» **RECORDED DATA**
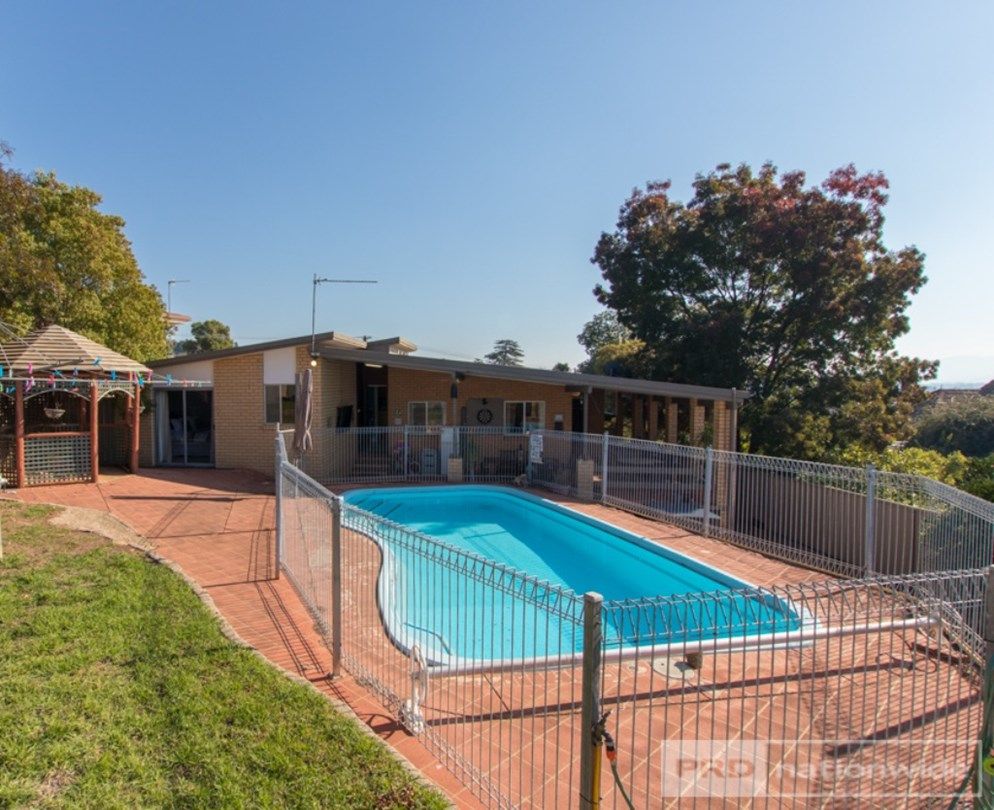 8 Kaleema Crescent, Tumut NSW 2720, Image 0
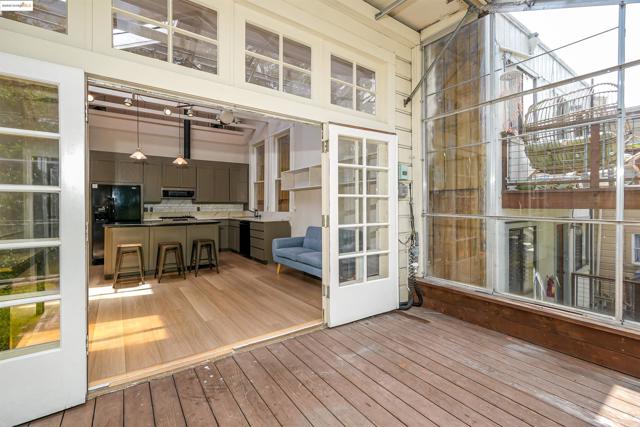 2654 Bush St, San Francisco CA: https://media.crmls.org/mediaz/3db06db2-3d6f-4450-b2b2-4d6dcb1f86cf.jpg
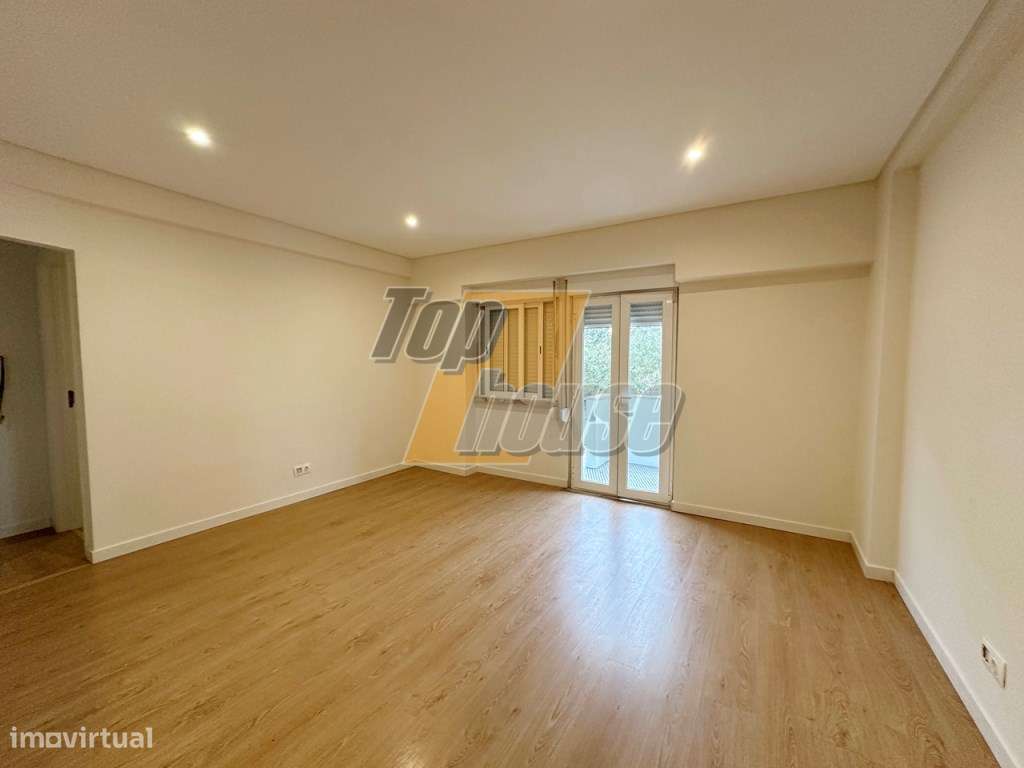 Apartamento T1 Costa de Caparica Totalmente Reabilitado-7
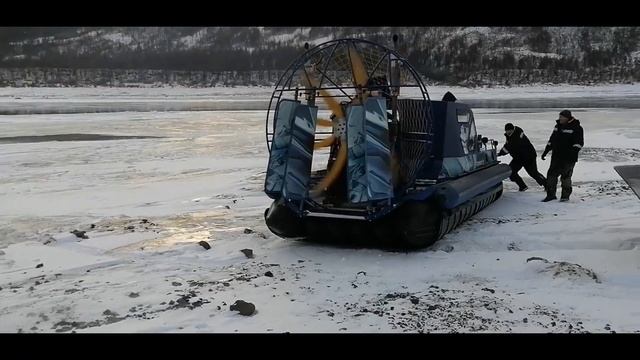 Зимник ч. 2 Переброс экипажа на аэролодке "Север" смотреть онлайн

» **TASK INSTRUCTIONS**
Starting with the line that contains "2654 Bush St, San", give the lines again exactly as they appear through the last line of the data, pictures excluded.

» **RESPONSE FOR THIS EXERCISE**
 2654 Bush St, San Francisco CA: https://media.crmls.org/mediaz/3db06db2-3d6f-4450-b2b2-4d6dcb1f86cf.jpg
 Apartamento T1 Costa de Caparica Totalmente Reabilitado-7
 Зимник ч. 2 Переброс экипажа на аэролодке "Север" смотреть онлайн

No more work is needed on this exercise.